Abade Poimem 1

Apoftegmas — Abade Poimém

Tradução do grego de D. Estevão Bettencourt O.S.B.

11. Certa vez o presbítero de Pelúsio ouviu, a respeito de certos irmãos, que eles iam continuamente à cidade, se lavavam 1 e se descuidavam da própria alma. Em consequência, por ocasião da assembleia litúrgica, retirou-lhes o hábito monástico. Depois disto, porém, seu coração o acusou, e, arrependido, foi ter com o Abade Poimém, como que embriagado em seus pensamentos, tendo nas mãos as túnicas dos irmãos, contou o caso ao ancião. Este perguntou-lhe então: «Não tens tu algo do homem velho? Será que já o despiste?» O presbítero confessou: «Participo ainda do homem velho». Continuou o ancião: «Eis, portanto, que tu és como os irmãos. Pois, se participas, embora pouco, do que é velho, também tu estás sujeito ao pecado». Então o presbítero se foi, chamou os irmãos, e pediu-lhes desculpas (eram onze); a seguir, revestiu-os do hábito monástico e despediu-os.

12. Um irmão disse ao Abade Poimém: «Cometi um grande pecado, e desejo fazer penitência durante três anos». Respondeu o ancião: «É muito». Os que estavam presentes disseram então: «E durante quarenta dias?» Mais uma vez replicou o ancião: «É muito». E acrescentou: «Digo que, se o homem se arrepende de todo o coração e não torna a cometer o pecado, Deus o recebe já após três dias».

13. Disse também: «O sinal do monge se manifesta nas tentações».

14. Disse ainda: «Como o espadário do rei a este assiste, pronto em todo tempo, assim é preciso que a alma esteja pronta diante do demônio da fornicação».

15. O Abade Anube interrogou o Abade Poimém a respeito dos pensamentos impuros que o coração do homem gera, e a respeito dos vãos desejos. O Abade Poimém respondeu: «Gloriar-se-á o machado sem aquele que o manuseia? (Is 10,15) Também tu não dês a mão a eles e serão frustrados» 2.

16. Disse de novo o Abade Poimém: «Se Nabuzardan, o cozinheiro-chefe, não tivesse vindo, não se teria incendiado o templo do Senhor (2Rs 25,8-10). Isto quer dizer: se o deleite da gula não entrasse na alma, a mente não cairia quando impugnada pelo inimigo.

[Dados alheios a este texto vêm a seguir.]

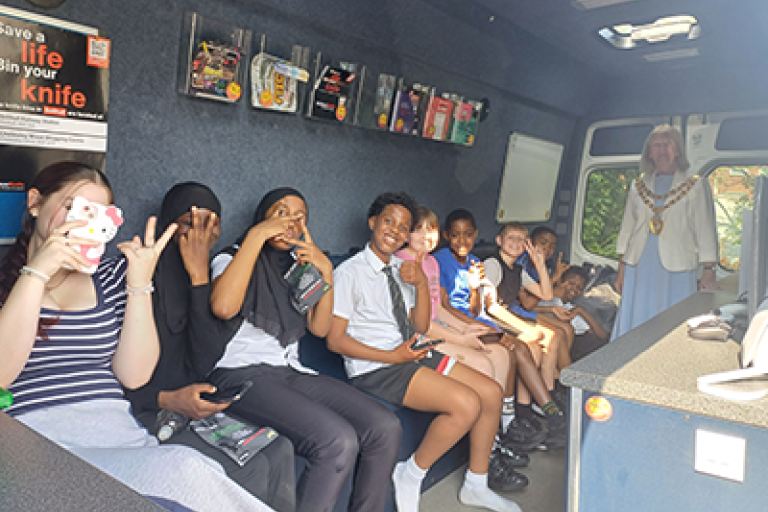 photo of young people in the youth bus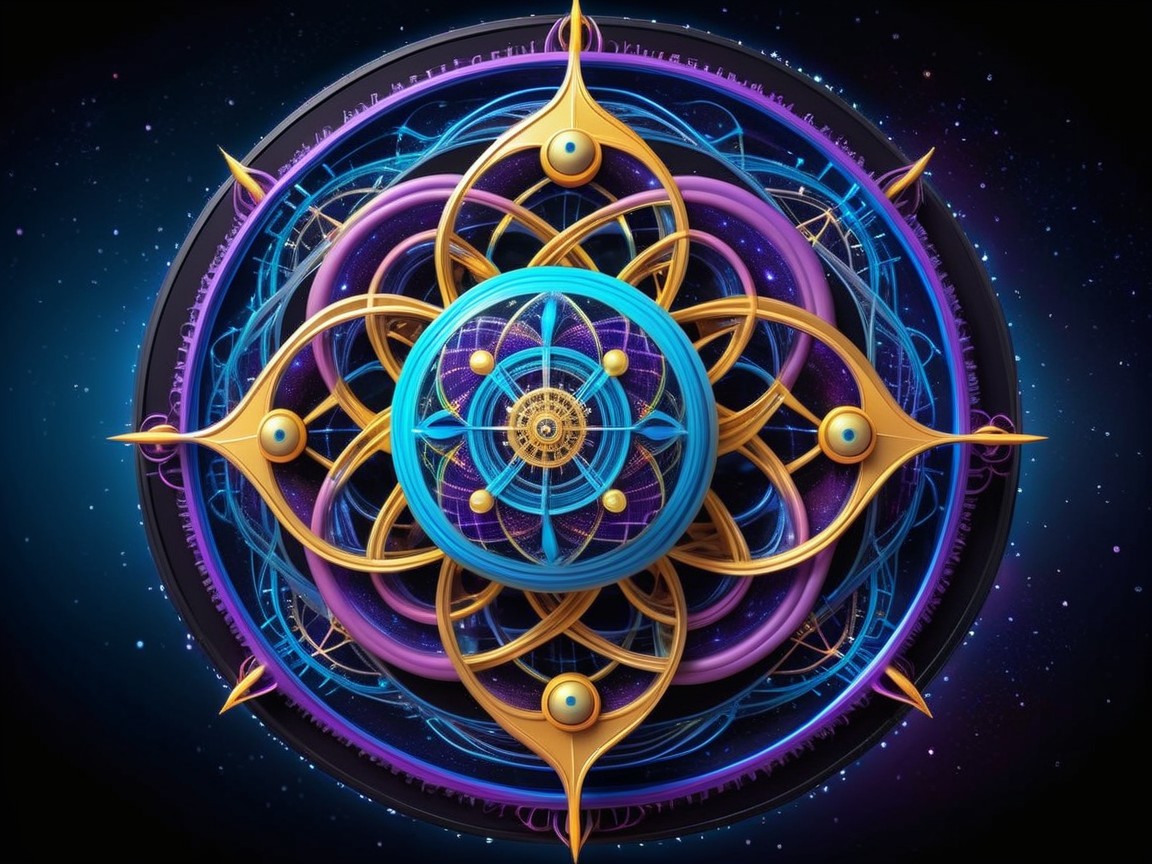 Intricate Mandala with Blue Orb and Golden Accents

17. Do Abade Poimém contavam que, convidado a comer quando não o queria, aquiesceu, embora em prantos, a fim de não deixar de atender ao irmão e não o contristar.

18. Disse mais o Abade Poimém: «Não habites em lugar onde vês que alguns têm inveja de ti; senão, não progredirás».

19. Alguns referiam ao Abade Poimém que certo monge não bebia vinho. Respondeu: «O vinho em absoluto não é para os monges».

20. O Abade Isaías interrogou o Abade Poimém a respeito dos pensamentos impuros. Este respondeu: «Se tivermos um baú cheio de vestes e as deixamos fechadas, apodrecerão com o tempo. Assim também são os pensamentos: se não executamos com o nosso corpo, no decorrer do tempo extinguem-se ou apodrecem».




  1. Lavar-se nos balneários das cidades era antigamente sinal de luxo. 

  2. Isto é, as tentações não nos podem ser nocivas, enquanto não lhes prestamos nossa cooperação.